_LISTED RECORDS_:

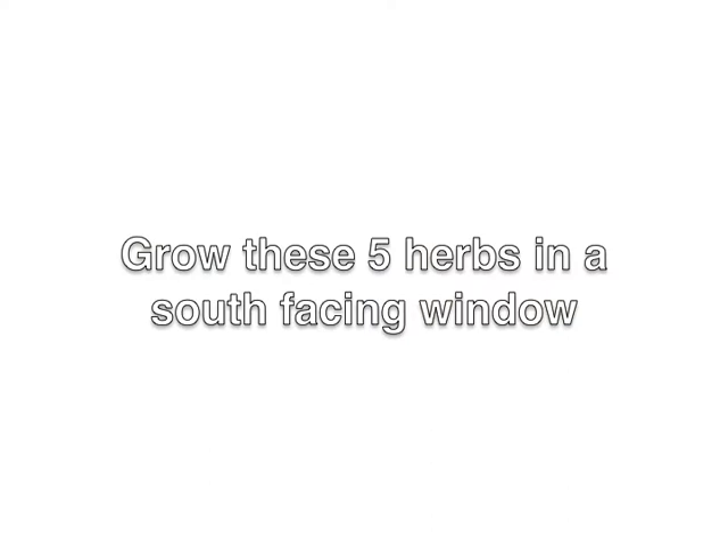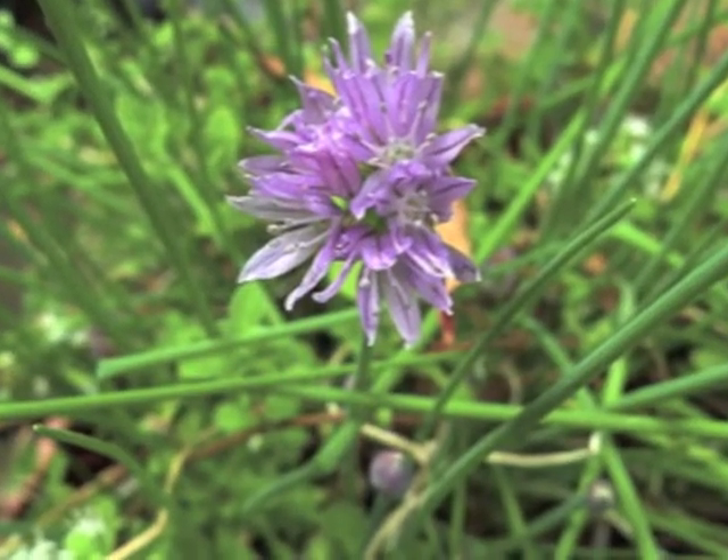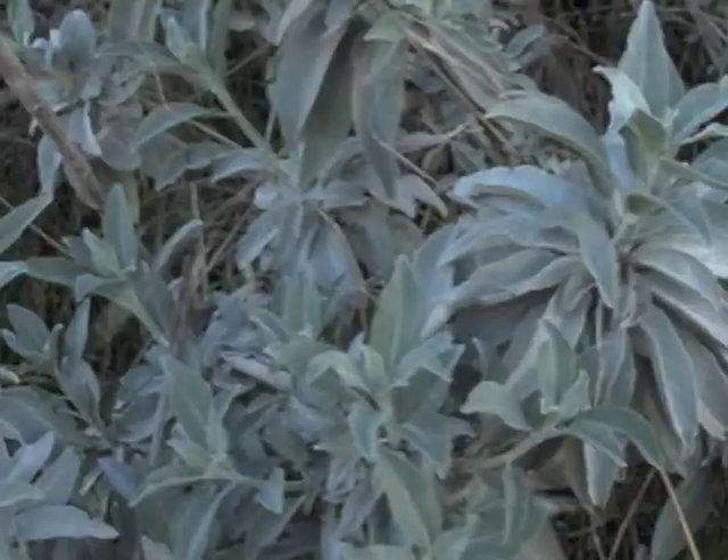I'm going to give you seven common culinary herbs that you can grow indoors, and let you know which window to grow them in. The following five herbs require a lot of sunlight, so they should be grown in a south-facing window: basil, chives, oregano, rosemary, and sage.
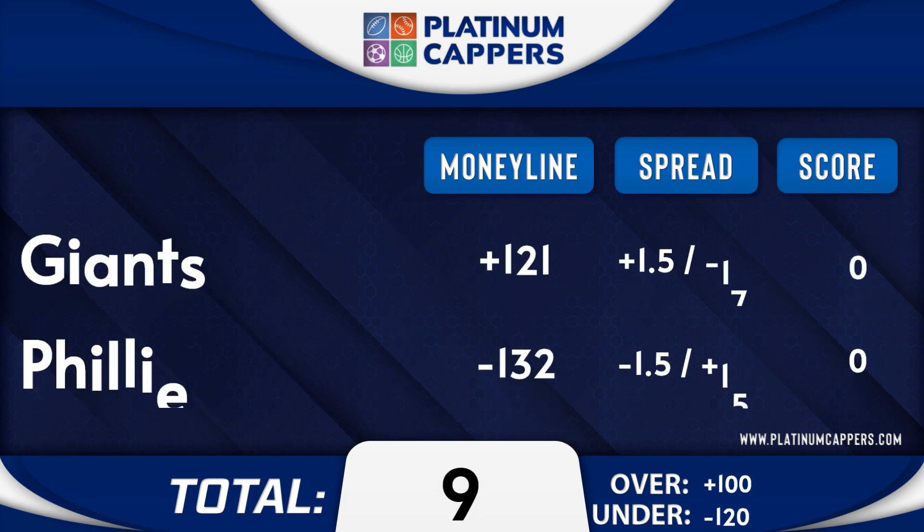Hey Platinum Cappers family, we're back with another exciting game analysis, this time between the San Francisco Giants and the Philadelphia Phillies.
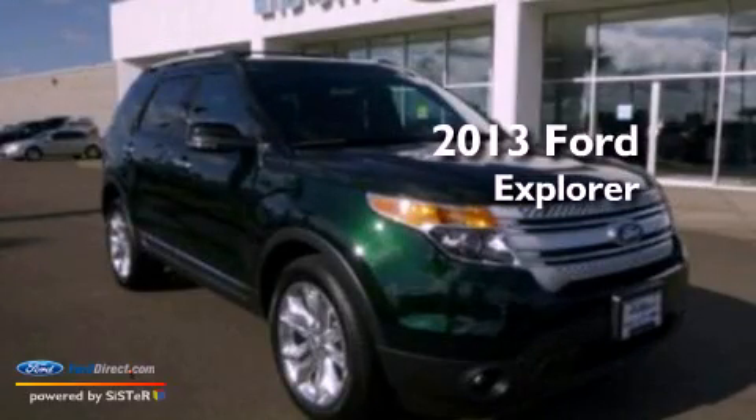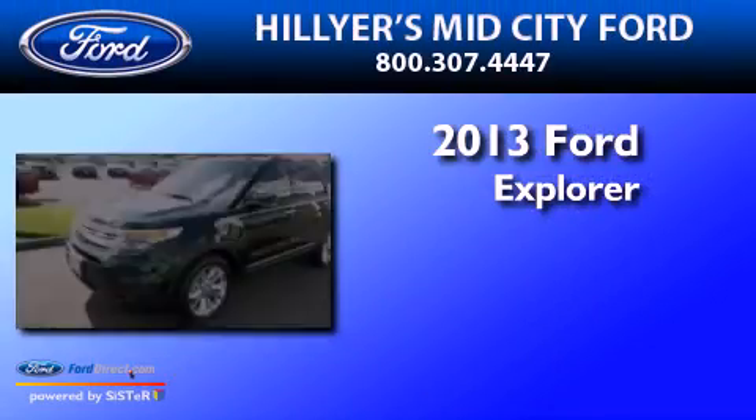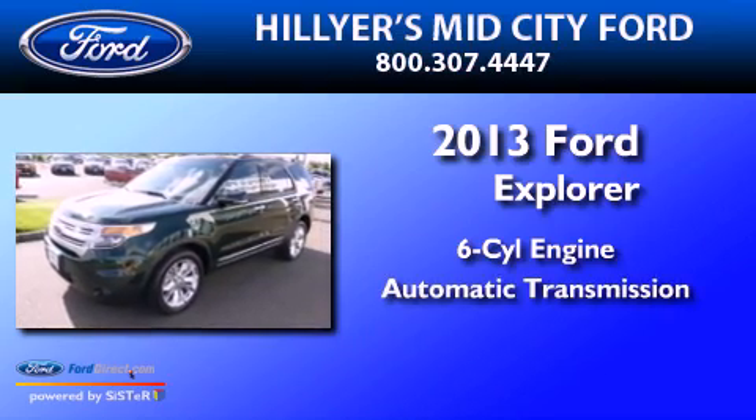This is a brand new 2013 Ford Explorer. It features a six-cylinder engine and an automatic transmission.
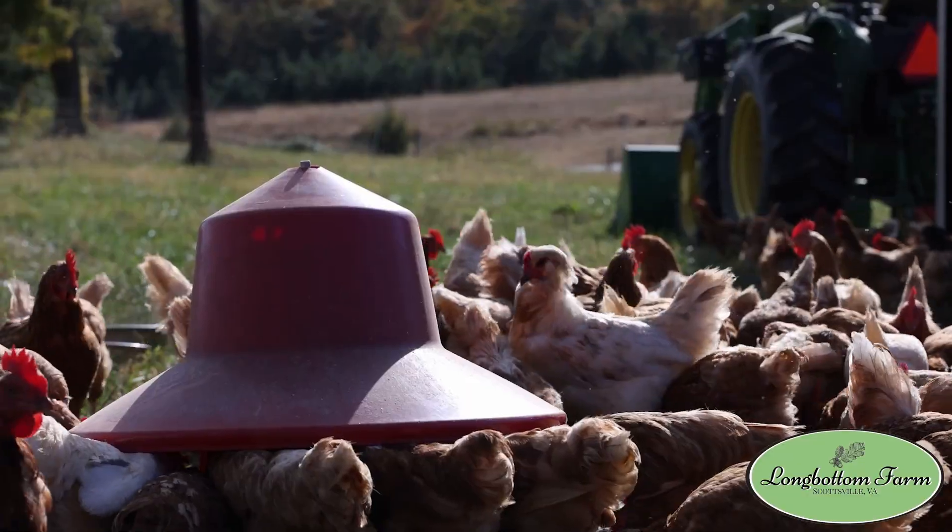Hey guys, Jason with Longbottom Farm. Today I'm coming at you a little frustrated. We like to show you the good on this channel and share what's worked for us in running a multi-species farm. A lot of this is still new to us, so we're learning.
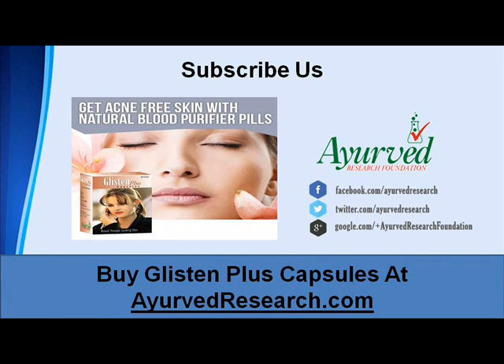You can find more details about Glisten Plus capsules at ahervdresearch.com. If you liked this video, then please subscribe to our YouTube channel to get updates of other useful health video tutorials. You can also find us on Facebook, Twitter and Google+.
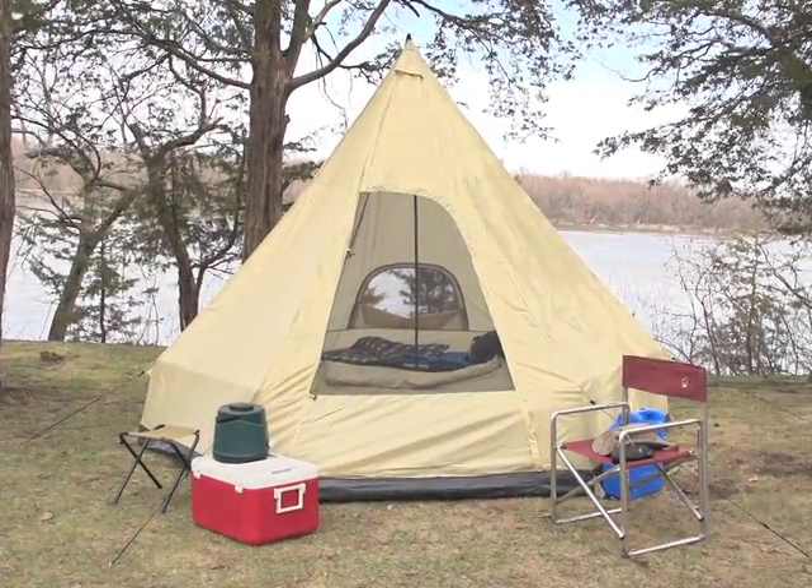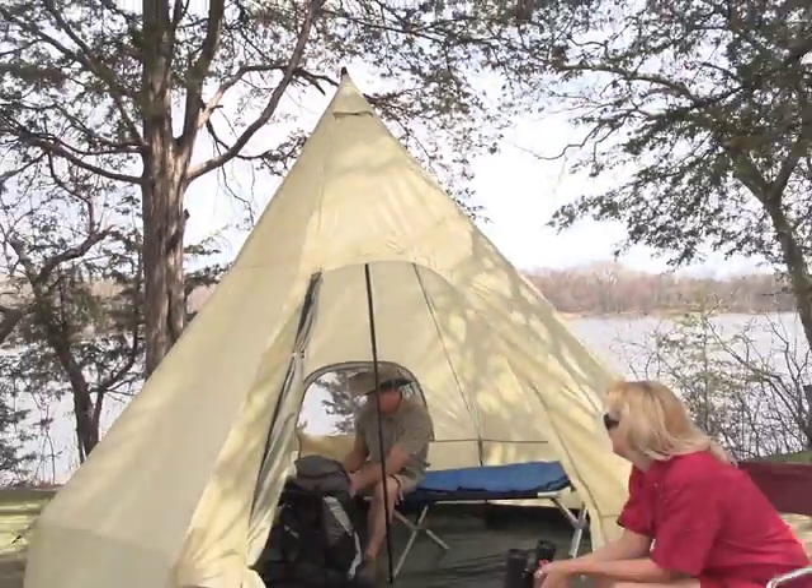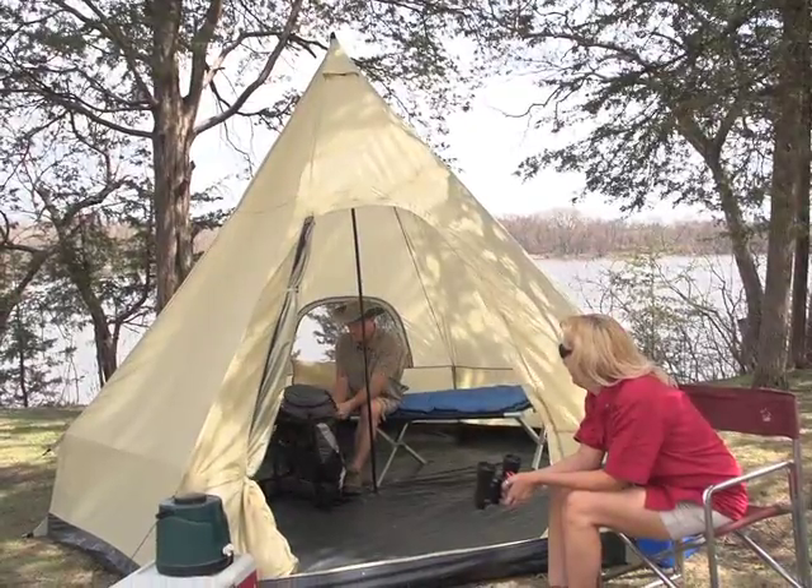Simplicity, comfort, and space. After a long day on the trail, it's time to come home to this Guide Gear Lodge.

...

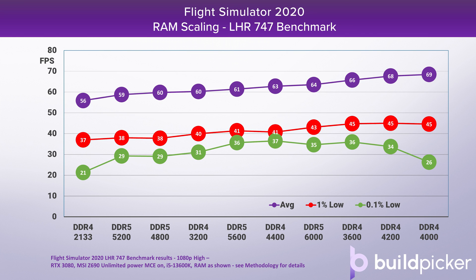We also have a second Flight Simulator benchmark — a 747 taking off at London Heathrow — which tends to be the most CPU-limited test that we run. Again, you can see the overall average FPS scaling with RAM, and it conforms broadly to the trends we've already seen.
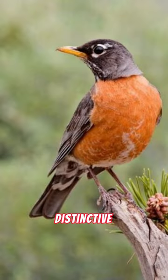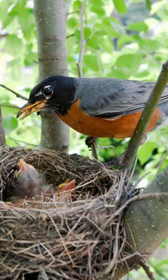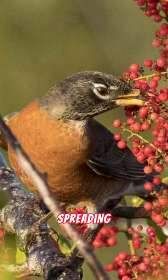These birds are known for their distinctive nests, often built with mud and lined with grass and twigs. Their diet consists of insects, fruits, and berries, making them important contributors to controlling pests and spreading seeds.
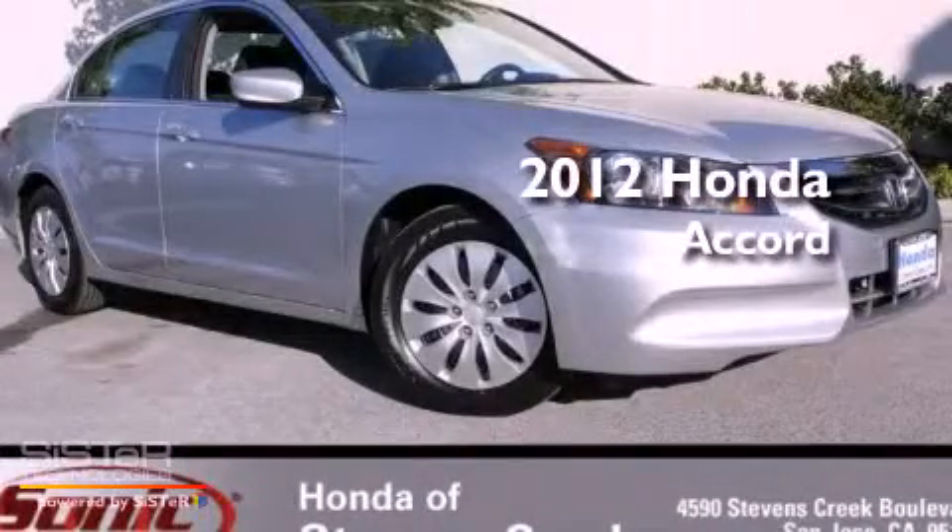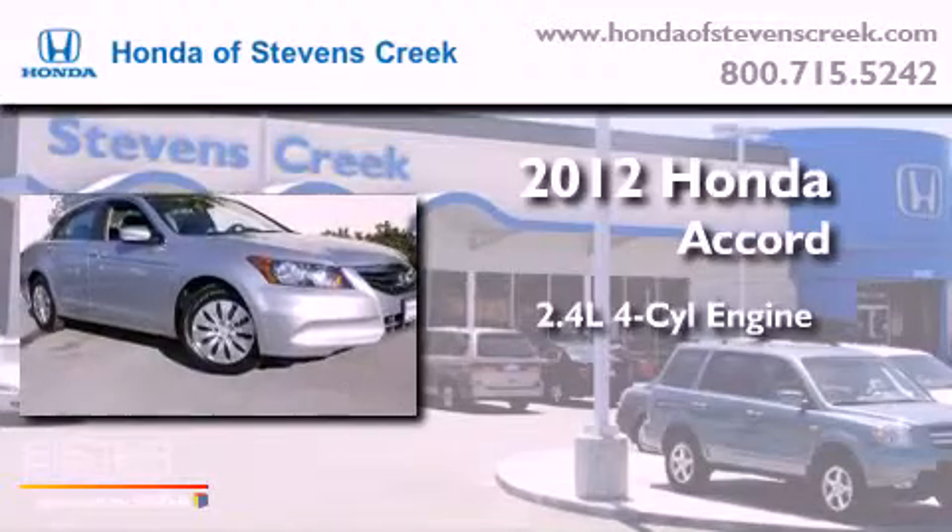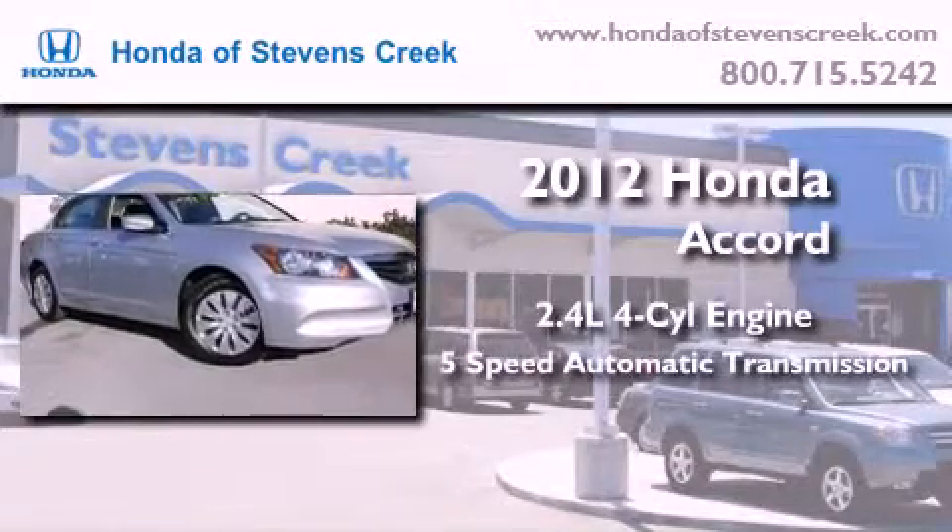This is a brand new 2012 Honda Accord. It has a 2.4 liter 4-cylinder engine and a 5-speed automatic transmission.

_REQUIRED ACTION_:
Within the listing above, print exactly the stretch beginning at the line that contains "Hey Platinum Cappers" and finishing at the line that contains "Simplicity, comfort, and", ends kept, pictures left out, and nothing more.

_OUTPUT FOR THIS TASK_:
Hey Platinum Cappers family, we're back with another exciting game analysis, this time between the San Francisco Giants and the Philadelphia Phillies.
This is a brand new 2013 Ford Explorer. It features a six-cylinder engine and an automatic transmission.
Hey guys, Jason with Longbottom Farm. Today I'm coming at you a little frustrated. We like to show you the good on this channel and share what's worked for us in running a multi-species farm. A lot of this is still new to us, so we're learning.
You can find more details about Glisten Plus capsules at ahervdresearch.com. If you liked this video, then please subscribe to our YouTube channel to get updates of other useful health video tutorials. You can also find us on Facebook, Twitter and Google+.
Simplicity, comfort, and space. After a long day on the trail, it's time to come home to this Guide Gear Lodge.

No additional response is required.